# Task
For the entries below, work out how many lines contain the string "little" and write only the number.

# The data

++++

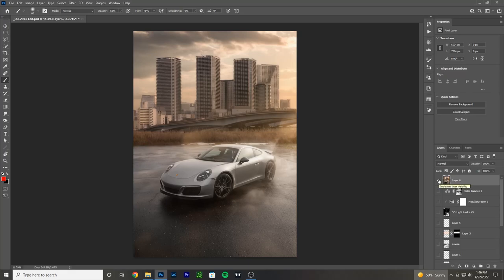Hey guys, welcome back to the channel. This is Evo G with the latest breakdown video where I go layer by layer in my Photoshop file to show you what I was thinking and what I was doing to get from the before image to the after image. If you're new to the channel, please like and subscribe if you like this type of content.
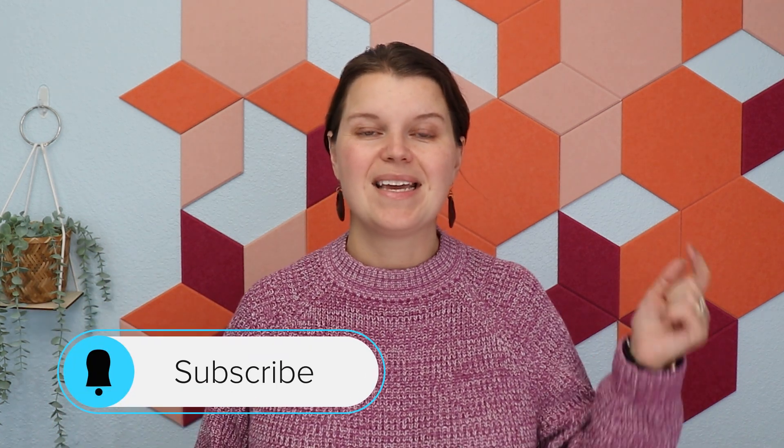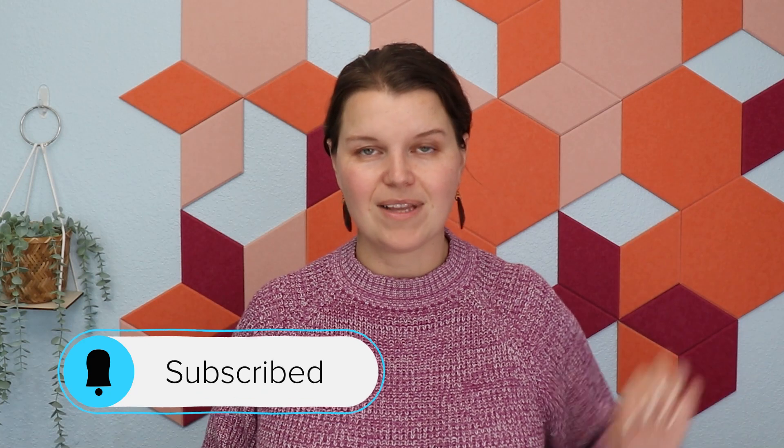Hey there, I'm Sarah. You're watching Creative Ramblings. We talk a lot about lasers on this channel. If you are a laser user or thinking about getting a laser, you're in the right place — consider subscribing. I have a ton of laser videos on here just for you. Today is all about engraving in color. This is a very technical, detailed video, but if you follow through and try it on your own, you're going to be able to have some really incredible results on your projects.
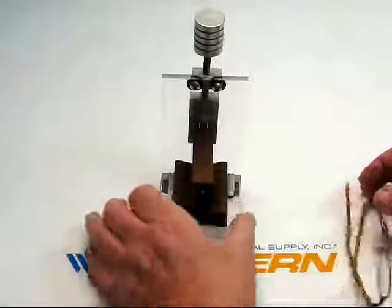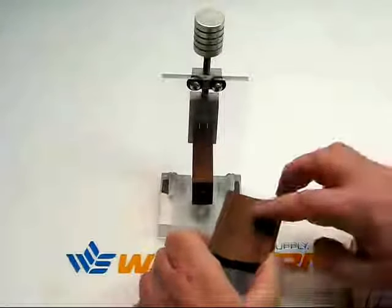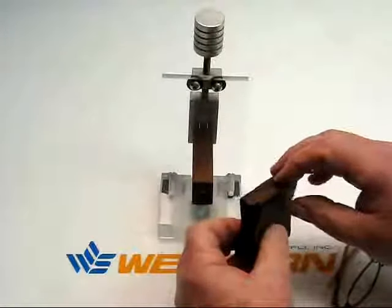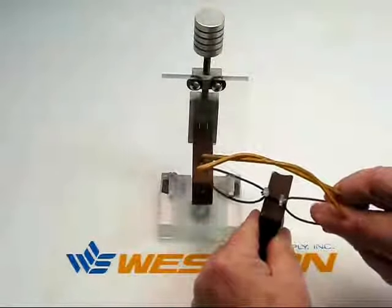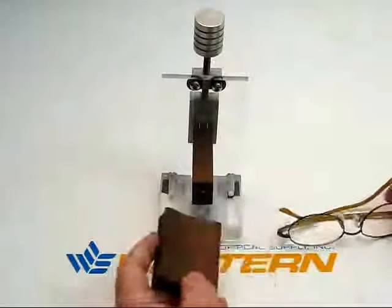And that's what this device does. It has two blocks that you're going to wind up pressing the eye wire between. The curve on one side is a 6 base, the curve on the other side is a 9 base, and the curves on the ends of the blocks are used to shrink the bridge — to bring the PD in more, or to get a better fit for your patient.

++++

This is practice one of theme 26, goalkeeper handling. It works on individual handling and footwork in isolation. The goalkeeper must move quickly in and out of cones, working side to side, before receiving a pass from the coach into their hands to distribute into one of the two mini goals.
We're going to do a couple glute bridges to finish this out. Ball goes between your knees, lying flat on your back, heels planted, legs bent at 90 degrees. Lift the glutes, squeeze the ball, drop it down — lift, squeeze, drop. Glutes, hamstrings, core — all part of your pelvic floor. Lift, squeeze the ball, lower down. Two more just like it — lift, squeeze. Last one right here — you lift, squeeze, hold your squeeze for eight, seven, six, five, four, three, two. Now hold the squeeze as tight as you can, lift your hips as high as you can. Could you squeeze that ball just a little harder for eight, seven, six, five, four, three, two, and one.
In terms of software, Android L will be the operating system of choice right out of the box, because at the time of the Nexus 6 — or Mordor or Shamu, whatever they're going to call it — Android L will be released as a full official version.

++++

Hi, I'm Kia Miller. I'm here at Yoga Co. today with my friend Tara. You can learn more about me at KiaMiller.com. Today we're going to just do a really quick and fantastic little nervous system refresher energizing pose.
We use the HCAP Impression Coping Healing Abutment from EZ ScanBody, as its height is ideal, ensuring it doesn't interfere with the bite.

++++

# Result of the task
2